### Prompt:
Exact transcription, pictures omitted: reproduce the listing below.

### Dataset content:
=======

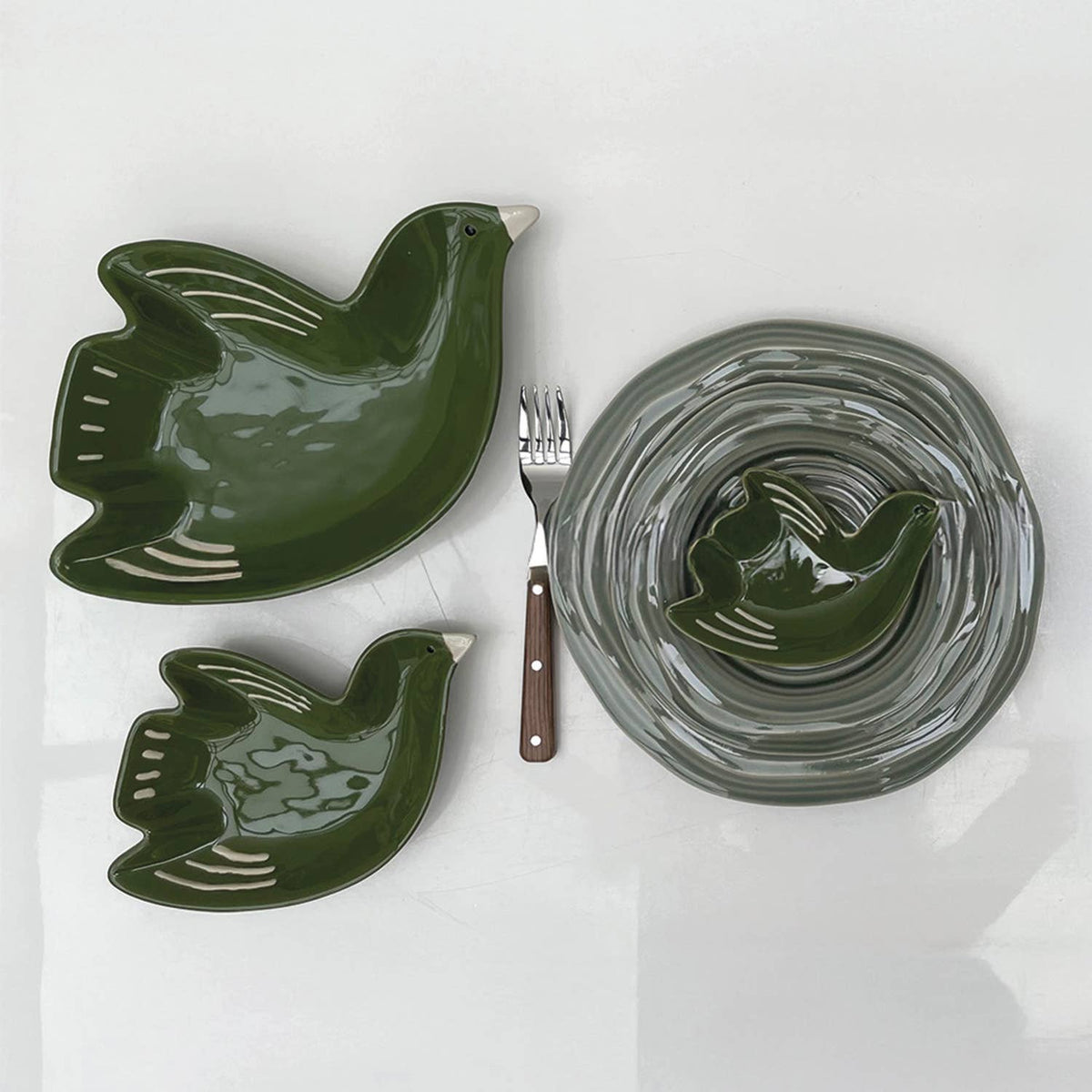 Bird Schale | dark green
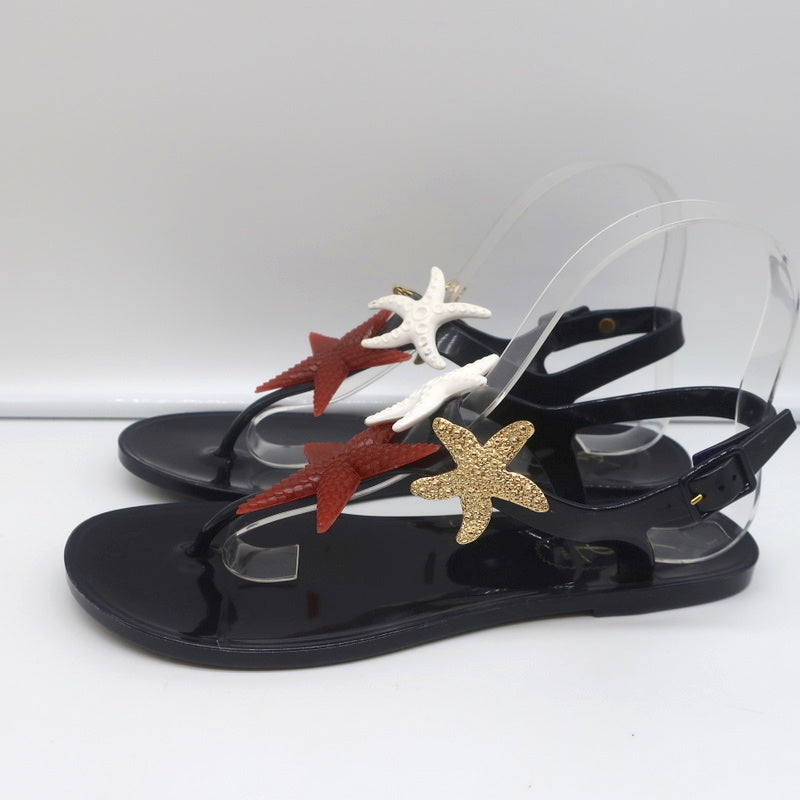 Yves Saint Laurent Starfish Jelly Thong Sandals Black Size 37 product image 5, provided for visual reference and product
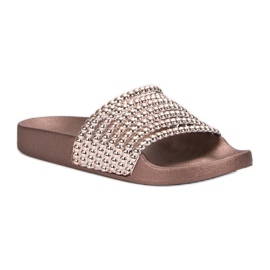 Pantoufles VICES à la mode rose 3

=======

### Written answer:
 Bird Schale | dark green
 Yves Saint Laurent Starfish Jelly Thong Sandals Black Size 37 product image 5, provided for visual reference and product
 Pantoufles VICES à la mode rose 3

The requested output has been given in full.